The SERVICE_MODE value in the .env should be set to websocket
.
Usage is the same as the http streaming API
Returns the state of the API
Method: GET
Returns "1" if healthcheck passes.
Transcription API
- Method: POST
- Response content: text/plain or application/json
- File: An Wave file 16b 16Khz
Return the transcripted text using "text/plain" or a json object when using "application/json" structure as followed:
{
"text" : "This is the transcription",
"words" : [
{"word":"This", "start": 0.123, "end": 0.453, "conf": 0.9},
...
]
"confidence-score": 0.879
}
The /streaming route is accessible if the ENABLE_STREAMING environment variable is set to true.
The route accepts websocket connexions.

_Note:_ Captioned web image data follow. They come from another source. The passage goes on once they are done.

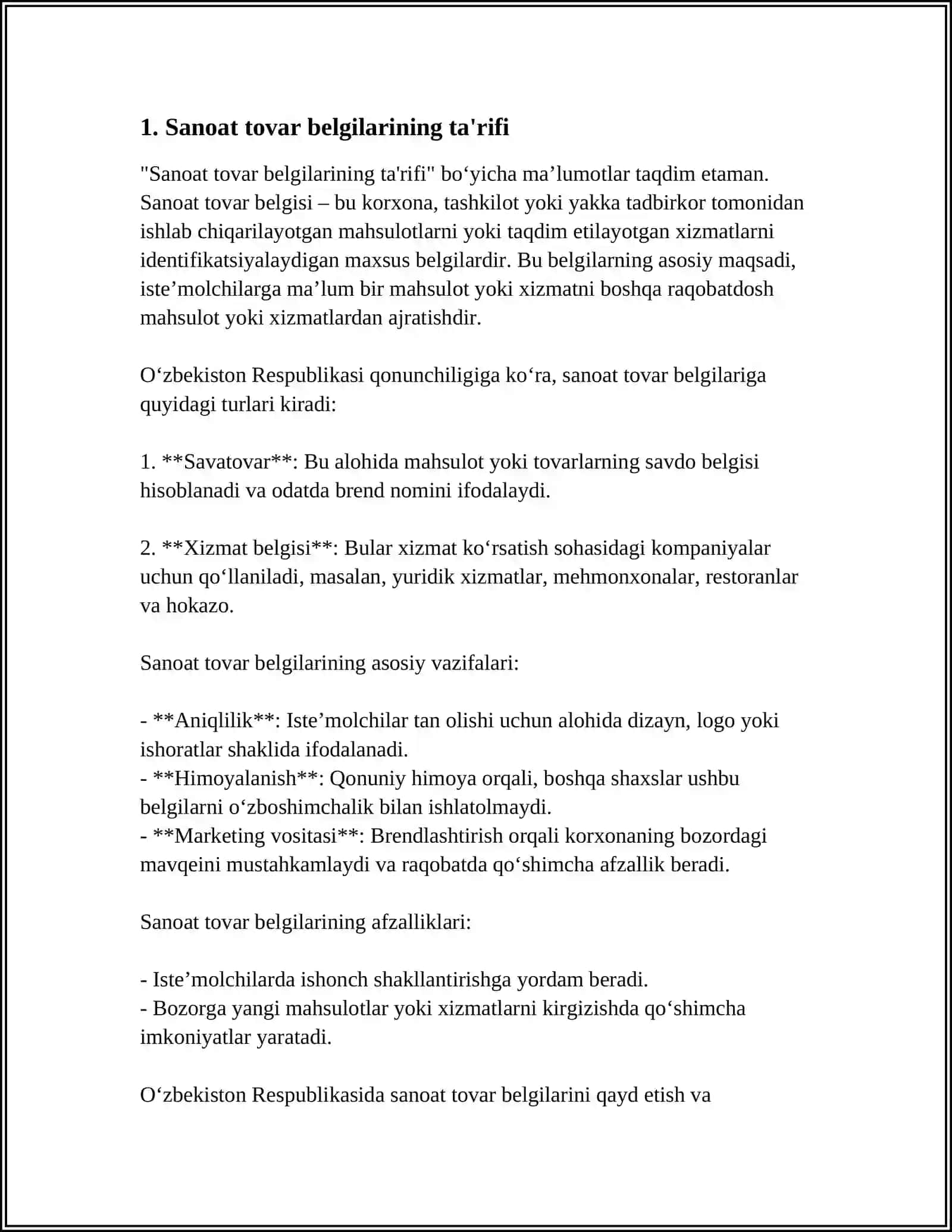 MUSTAQIL ISH Mavzu: SANOAT TOVAR BELGILARINING TURLARI VA ULARGA QO‘YILGAN LOYIHALARNI TUZISH TALABLARI 3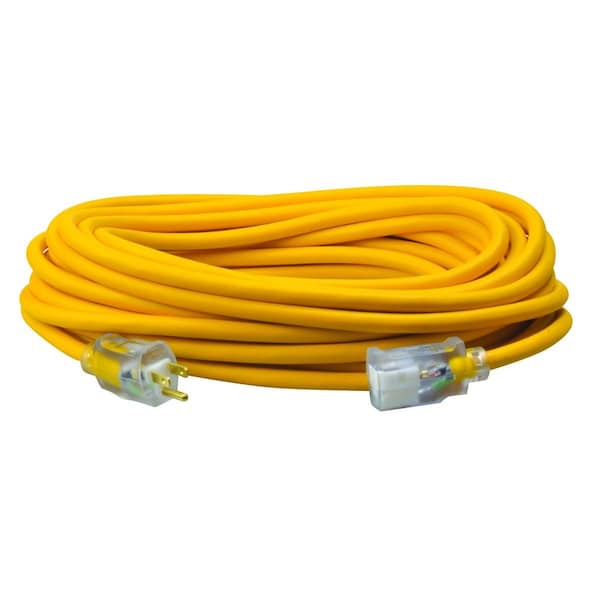 Southwire SJEOOW Extension Cord, 12 AWG, 12/3, 5-15R, Yellow, 5-15P, 50 ft - 1688SW0002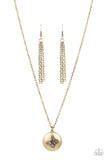 Monarch Meadow - Brass Necklace - Paparazzi Accessories Necklace Bedazzle Me Pretty Mobile Fashion Boutique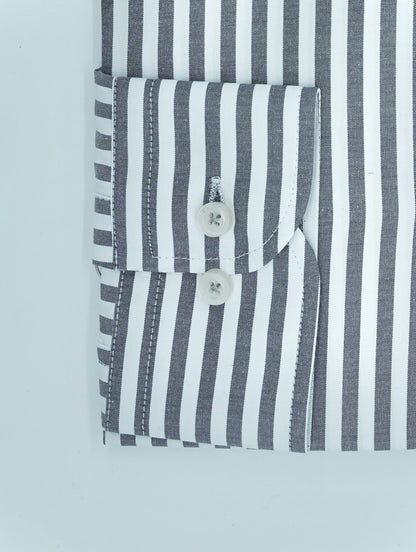 Camisa City Casual Slim Fit Gris Rayas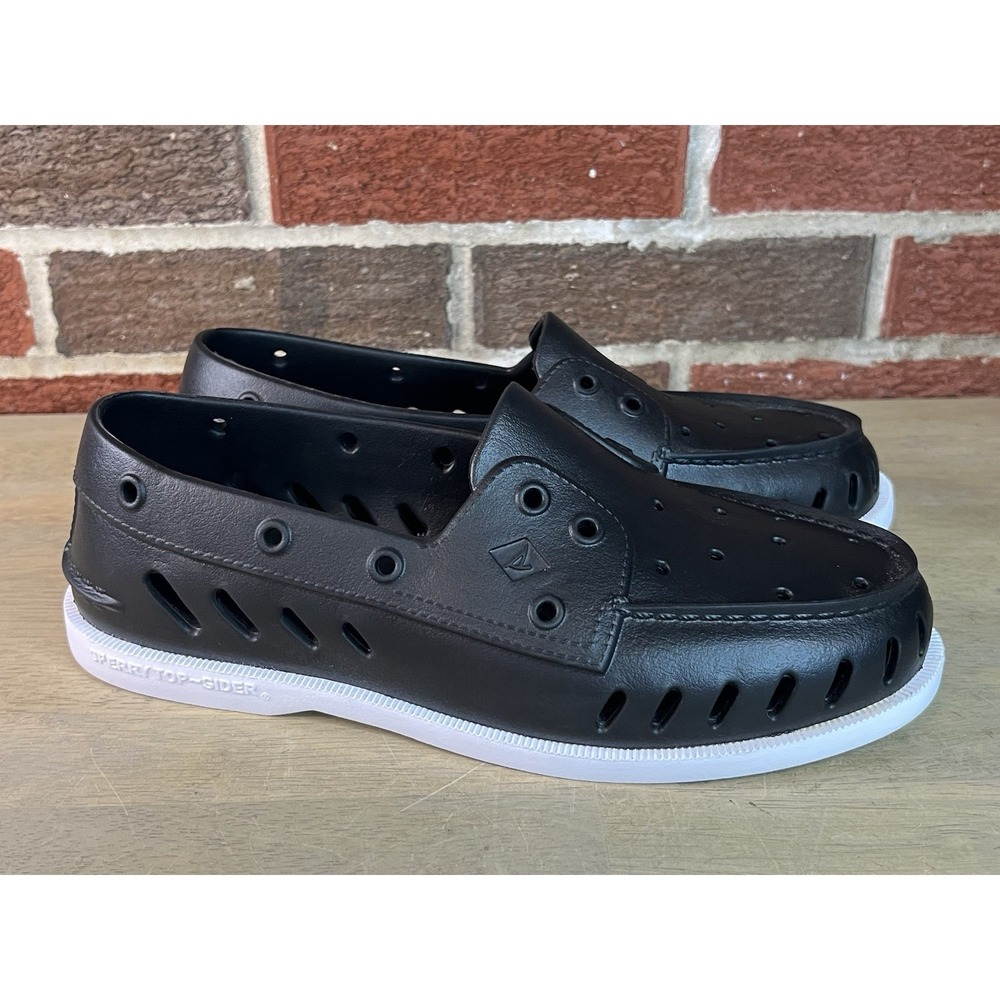 Sperry Top Sider Authentic Original AO Float Boat Unisex‎ Black Shoes M8/W10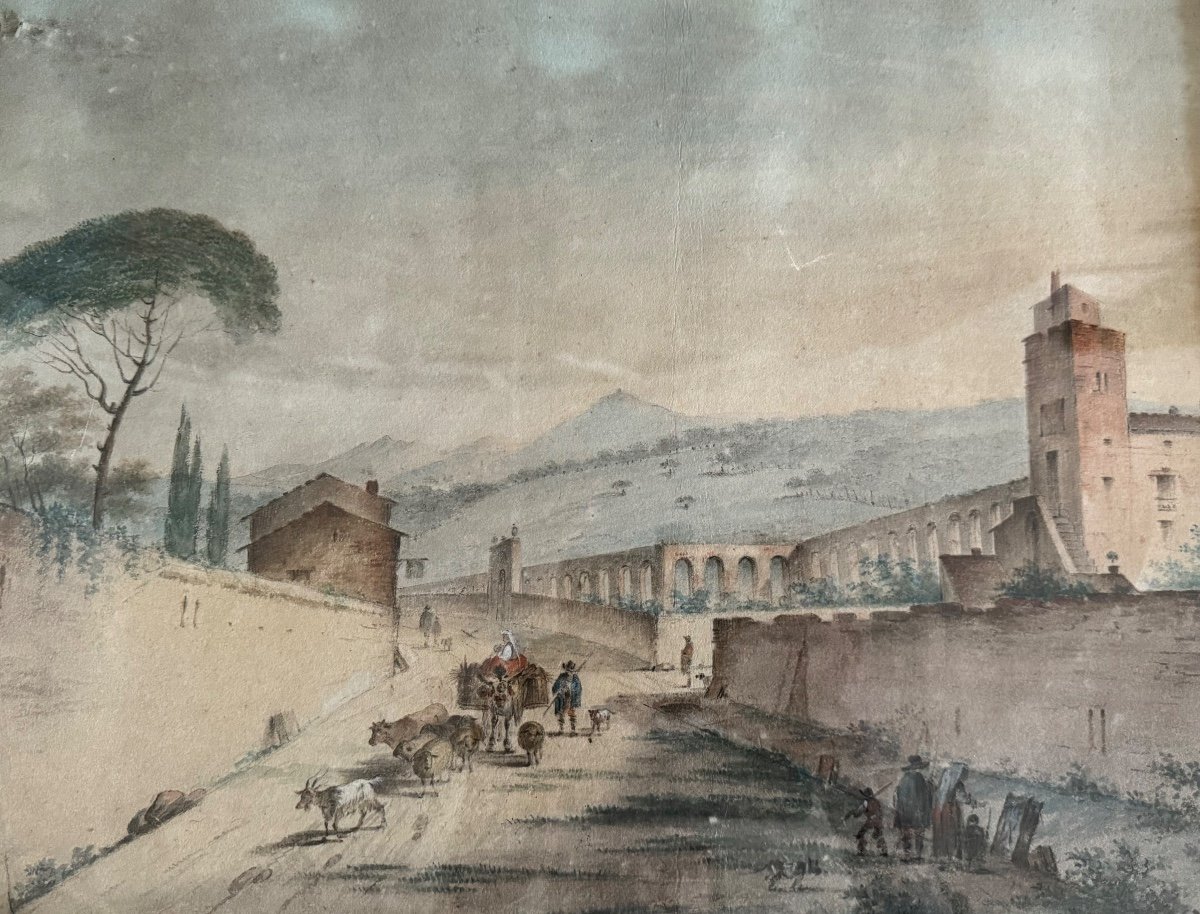 Aquarelle , Village Italien-photo-3
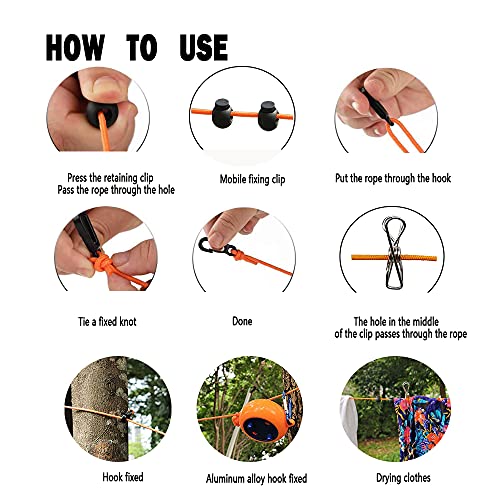 QeeHeng Portable Retractable Clothesline, 32.8ft With Windproof Clothespins, 10 Stoppers - Image 7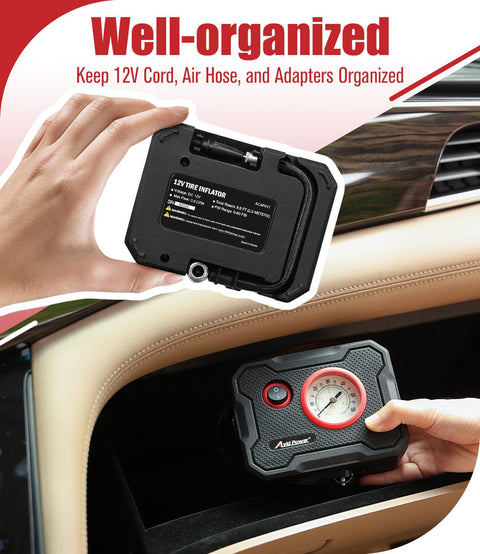 Ultra Portable 12V Tire Inflator Air Compressor With Digital Gauge and LED Light for Cars stored in glove box showing its compact design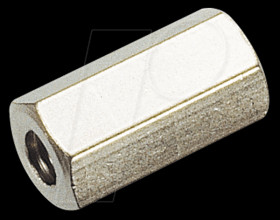 Spacers, metal, 6-edge, M4, 15 mm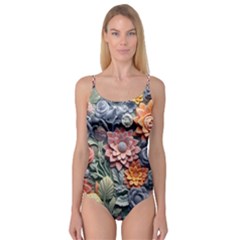 3d Flower Bloom Embossed Pattern Camisole Leotard  by Vaneshop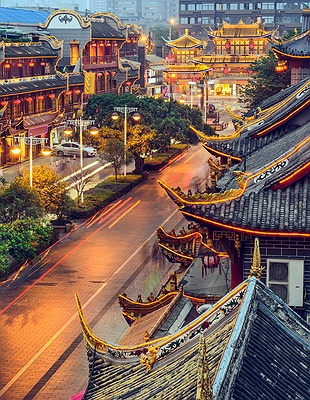 the Forbidden City in Beijing, China, at sunset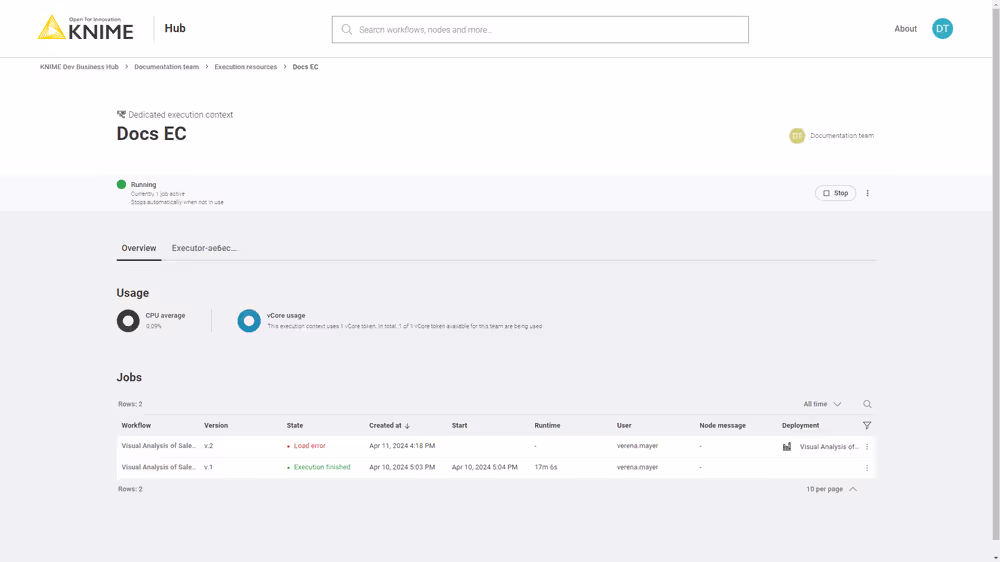Additional executor information page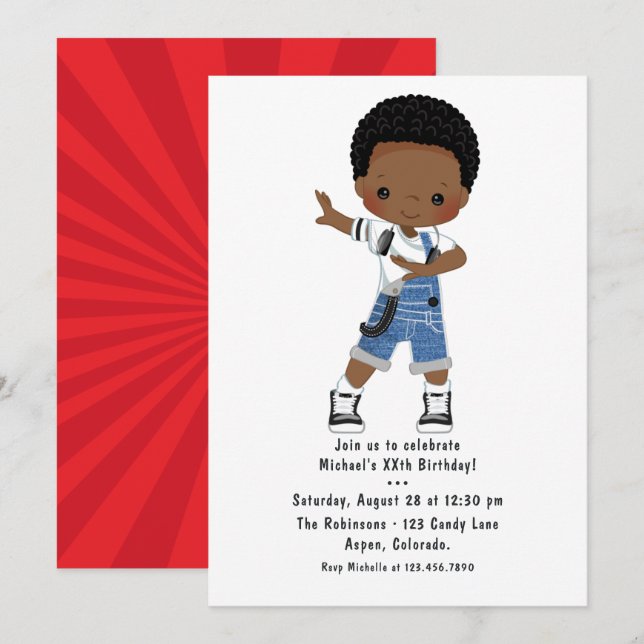 Invitación Fiesta de cumpleaños de niño bailarín de Break Boy (Anverso / Reverso)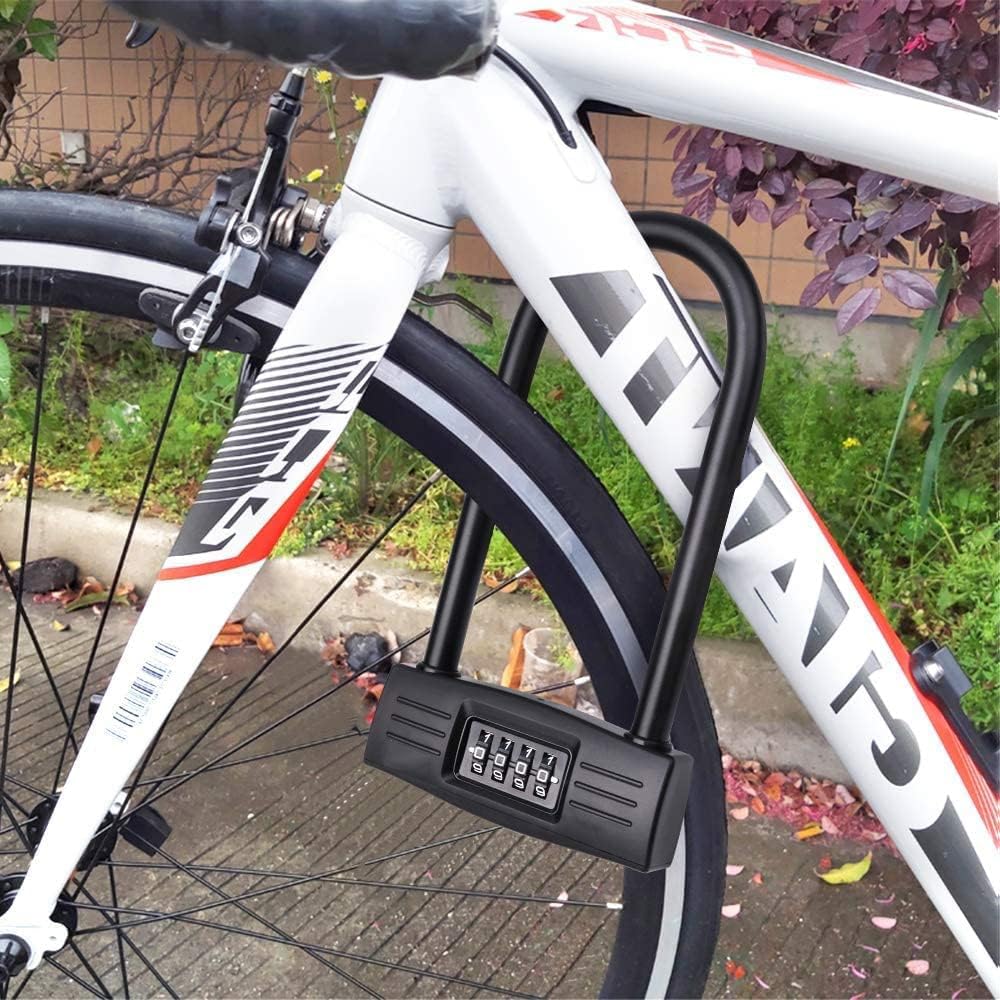 Candado en U Bicicleta,combinación de 4 dígitos, Bloqueo en U, reajustable, Bloqueo de Seguridad, Llave antipérdida, antirrobo, Bloqueo de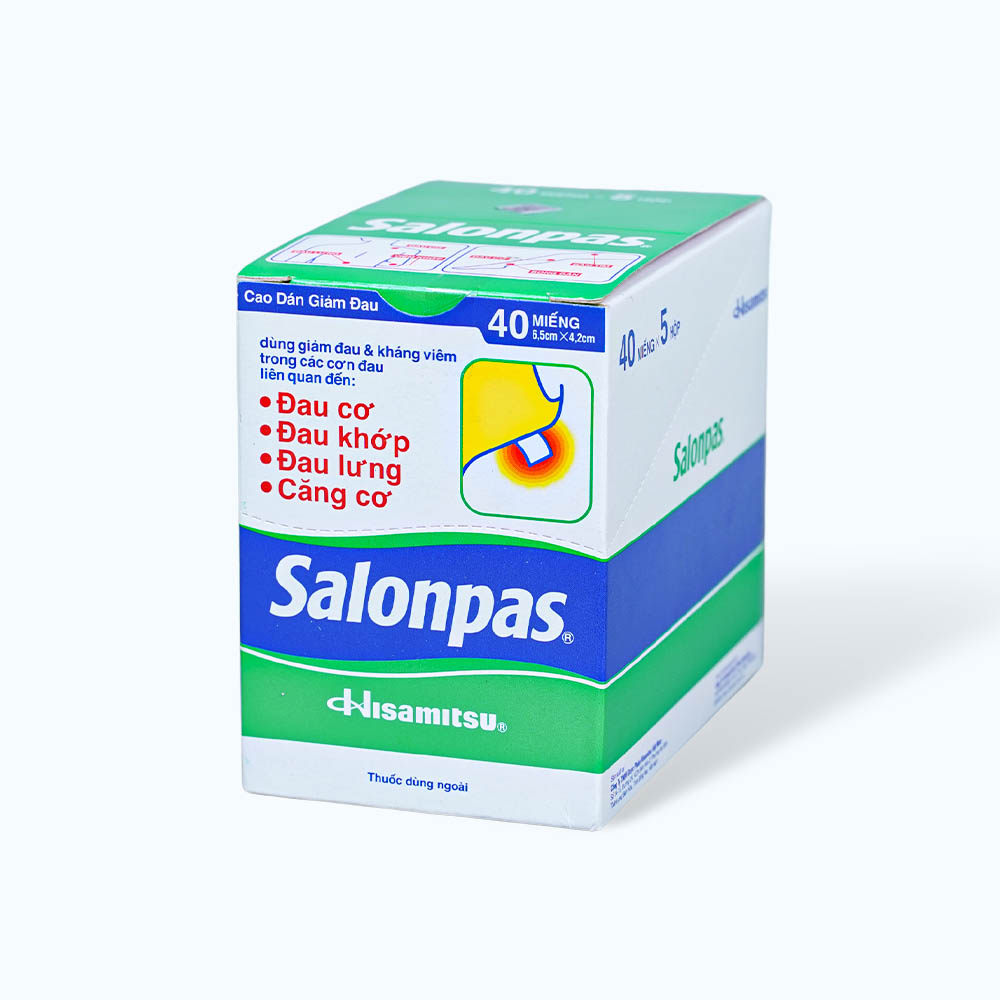 Cao dán Salonpas dán 6.5cmx4.2cm giảm đau vai, đau cổ, đau lưng, đau khớp (4 túi x 10 miếng)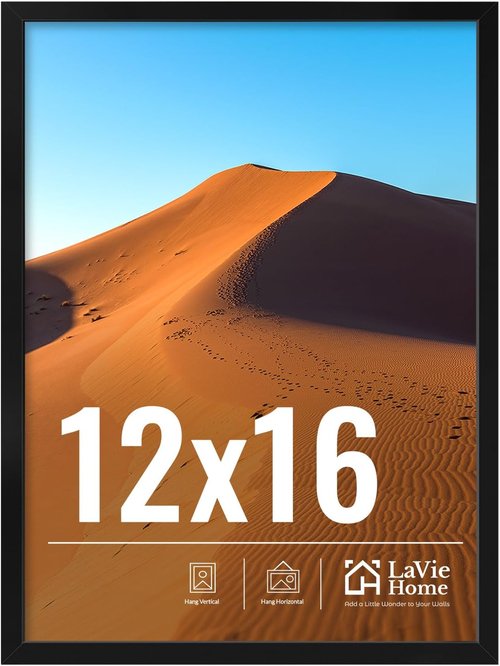 LaVie Home 12x16 Picture Frame - Classic Black Wall Display Frame with HD Plexiglas | Vertical & Horizontal Use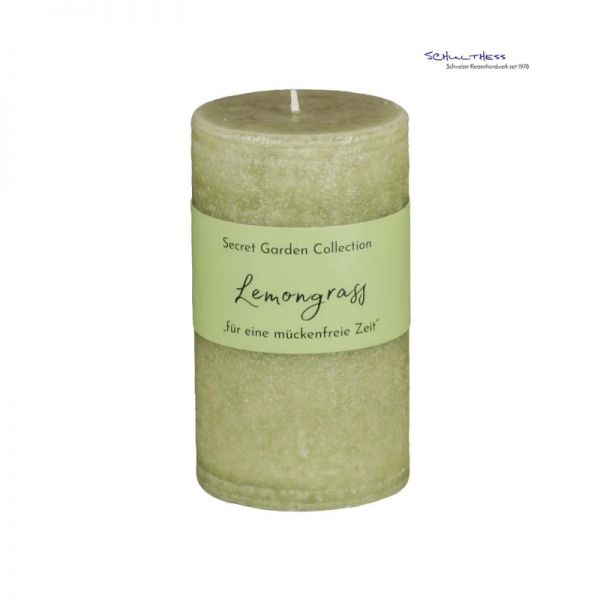 Schulthess Kerze «Lemongrass» - Secret Garden Kollektion - Antimücken Duftkerze H=12cm/∅=7cm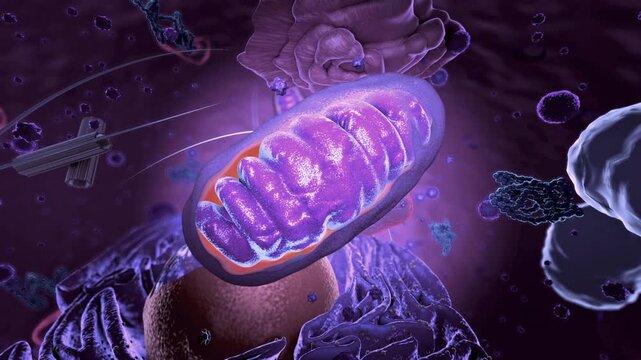 Eukaryote, focus on mitochondria - 3d illustration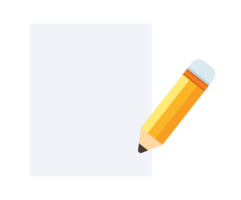 gemakkelijk document icoon. papier vel en potlood png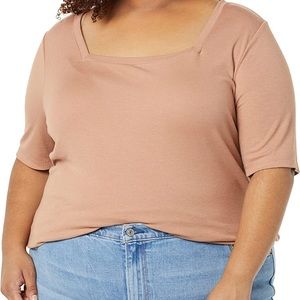 Elbow sleeve square neck modal top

Exchanges are structured as followed:
- Client send a json {"config": {"sample_rate":16000}}.
- Client send audio chunk (go to 3- ) or {"eof" : 1} (go to 5-).
- Server send either a partial result {"partial" : "this is a "} or a final result {"text": "this is a transcription"}.
- Back to 2-
- Server send a final result and close the connexion.
Connexion will be closed and the worker will be freed if no chunk are received for 10s.
The /docs route offers a OpenAPI/swagger interface.
STT-Worker accepts requests with the following arguments:
file_path: str, with_metadata: bool
- file_path: Is the location of the file within the shared_folder. /.../SHARED_FOLDER/{file_path}
- with_metadata: If True, words timestamps and confidence will be computed and returned. If false, the fields will be empty.
On a successfull transcription the returned object is a json object structured as follow:
{
"text" : "this is the transcription as text",
"words": [
{
"word" : "this",
"start": 0.0,
"end": 0.124,
"conf": 1.0
},
...
],
"confidence-score": ""
}
- The text field contains the raw transcription.
- The word field contains each word with their time stamp and individual confidence. (Empty if with_metadata=False)
- The confidence field contains the overall confidence for the transcription. (0.0 if with_metadata=False)
You can test you http API using curl:
curl -X POST "http://YOUR_SERVICE:YOUR_PORT/transcribe" -H "accept: application/json" -H "Content-Type: multipart/form-data" -F "file=@YOUR_FILE;type=audio/x-wav"
This project is developped under the AGPLv3 License (see LICENSE).